Vision
du jeudi 7 février 1946
504> "Où allons-nous alors que
la nuit descend ?" se demandent entre eux les apôtres. Et ils
parlent de ce qui est arrivé. Mais ils ne disent rien à haute voix pour ne
pas accabler le Maître qui visiblement est très préoccupé.
La nuit descend alors qu'ils cheminent toujours derrière le Maître pensif.
Mais un village se montre au pied d'une chaîne de monts très découpés.
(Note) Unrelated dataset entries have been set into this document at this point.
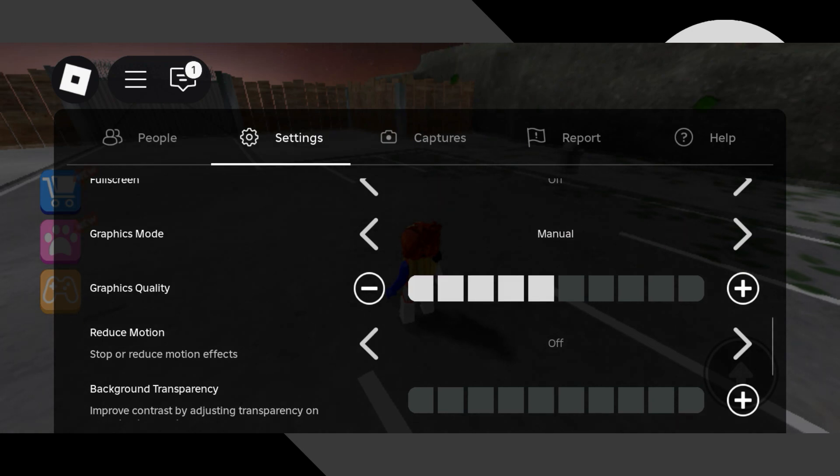Switch it to manual. Once it's set to manual, you'll now be able to control the graphics quality slider right below it.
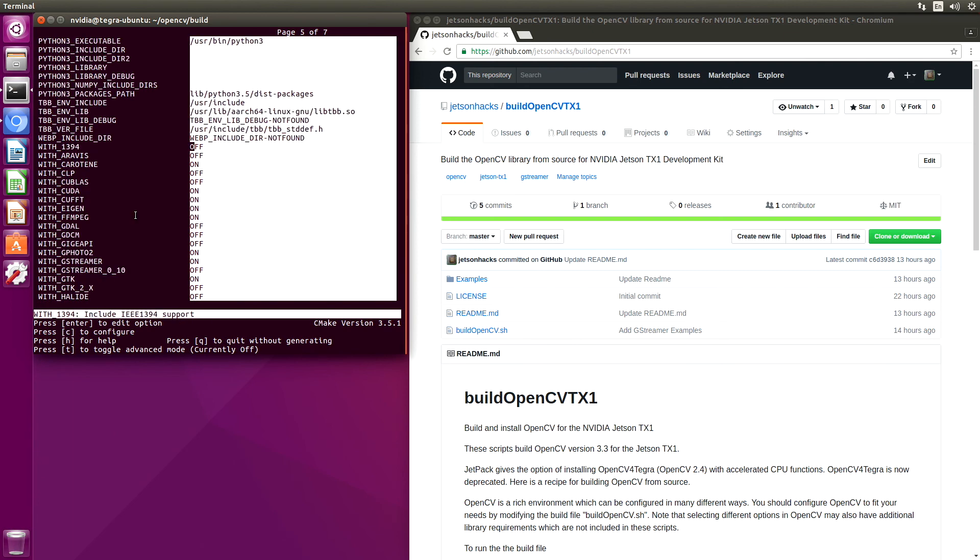So now OpenCV is built and installed on the Jetson TX-1. If you liked this video, give it a thumbs up. If this is your first time through, please subscribe. Thanks for watching.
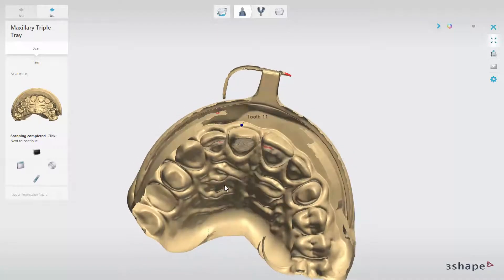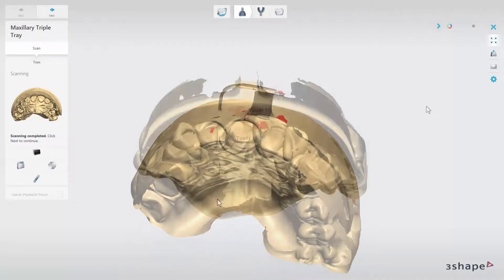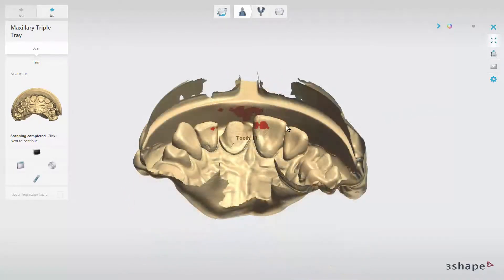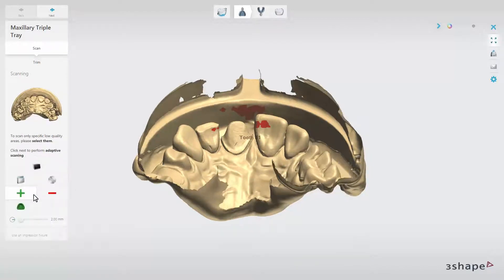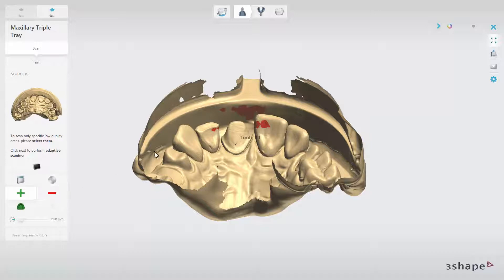When the scan is ready, and red areas occur on crucial parts of the impression, you can enable the adaptive scanning option. The adaptive scanning option can be used for both the restoration and antagonist impression scan.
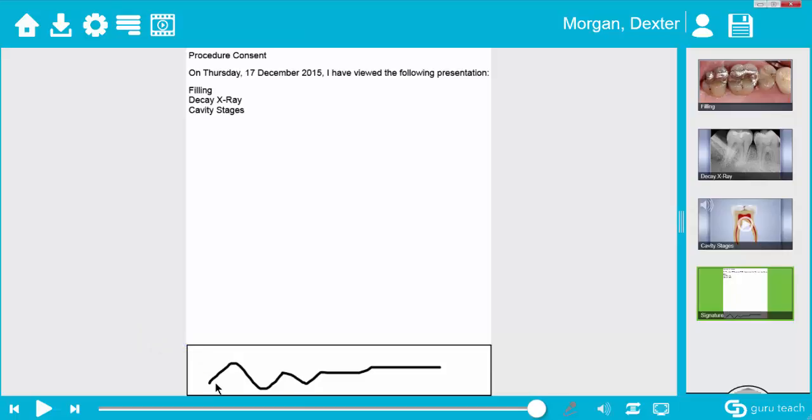And that is how you use the informed consent feature in the GuruTeach software. I hope this tutorial video has been helpful. Thanks for watching.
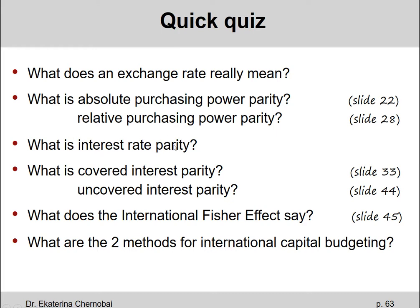What is the interest rate parity? This formula shows how the one-year forward rate should be calculated when you know today's exchange rate and the difference between the risk-free rates between two different countries.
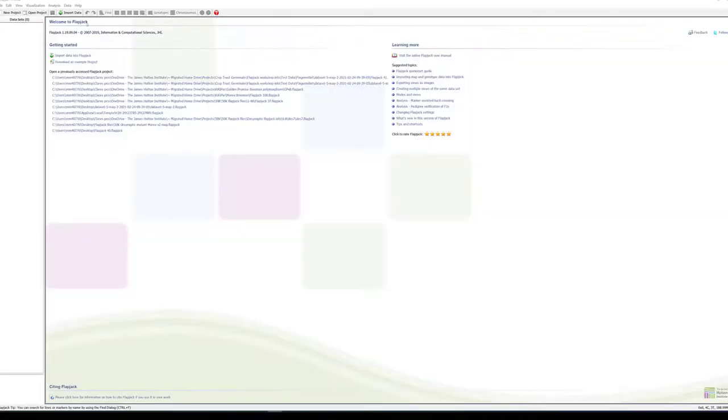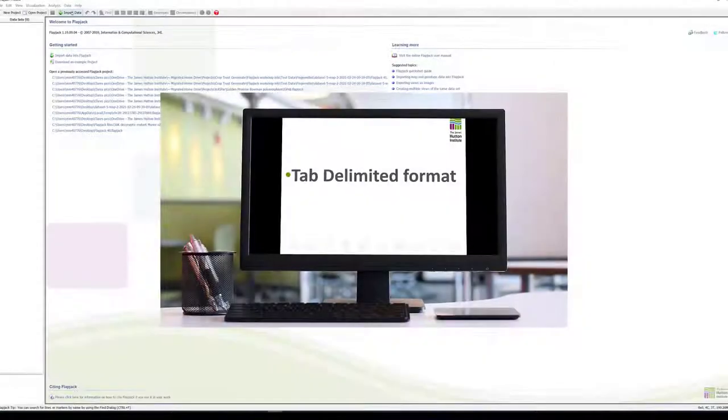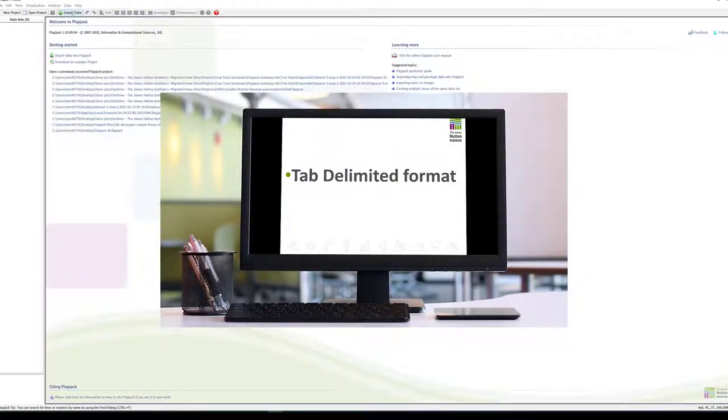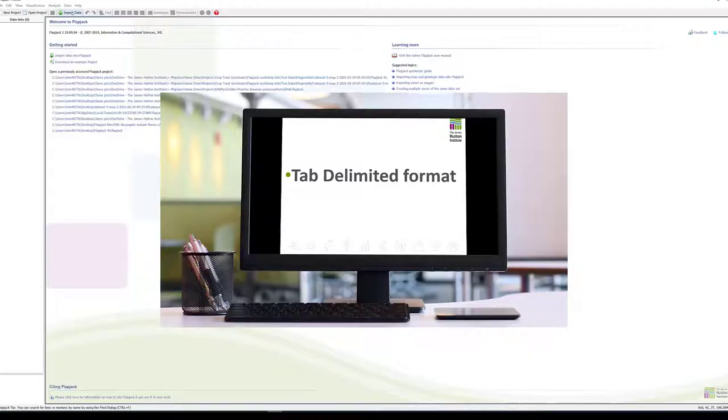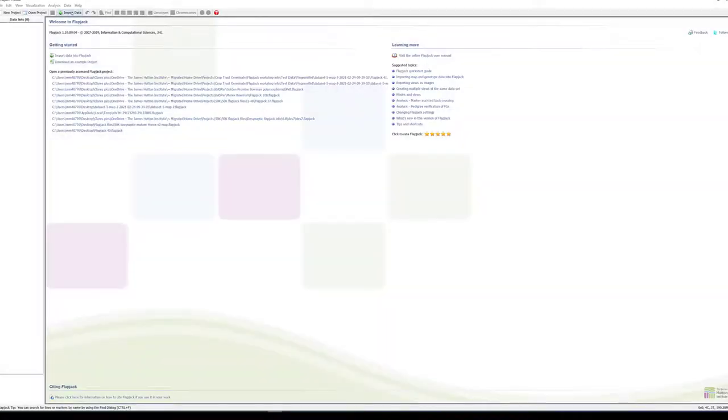Four basic file types can be imported into Flapjack and input files should be created in tab-delimited format. The examples we'll look at have been created in Microsoft Excel. Let's look at examples of each file type.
"Arrêtons-nous ici pour passer la nuit" ordonne Jésus. "Ou
plutôt, arrêtez-vous ici. Moi, je vais prier sur ces monts..."
"Seul ? Ah ! non ! Sur l'Adomin,
tu n'y va pas seul ! Avec tous ces voleurs qui sont à l'affût, non tu
n'y vas pas !..." dit Pierre bien décidé.
"Et que veux-tu qu'ils me fassent? Je n'ai rien !"
"Tu as... Toi-même. Je parle des vrais voleurs, ceux qui te haïssent. Et
pour eux ta vie suffit. Tu ne dois pas être tué comme... comme... ainsi,
voilà, dans une vile embuscade. Pour donner la
possibilité à tes ennemis d'inventer je ne sais quoi pour éloigner les foules
même de ta doctrine" réplique Pierre.
"Simon de Jonas a raison, Maître" dit Jude
Thaddée. "Ils seraient capables de faire disparaître ton corps et de
dire que tu t'es enfui, te sachant démasqué. Ou bien
de... te porter dans un endroit malfamé, dans la maison d'une courtisane,
pour pouvoir dire : "Voyez où et comment il est mort ? Dans
une rixe pour une courtisane". Tu as bien dit : "Persécuter
une doctrine signifie en accroître la puissance" et j'ai remarqué,
parce que je ne l'ai jamais perdu de vue, que le fils de Gamaliel
t'approuvait de la tête pendant que tu le disais. Mais cependant on dit avec
raison que couvrir de ridicule un saint et sa doctrine est l'arme la plus
sûre pour faire tomber et enlever l'estime des foules pour le saint."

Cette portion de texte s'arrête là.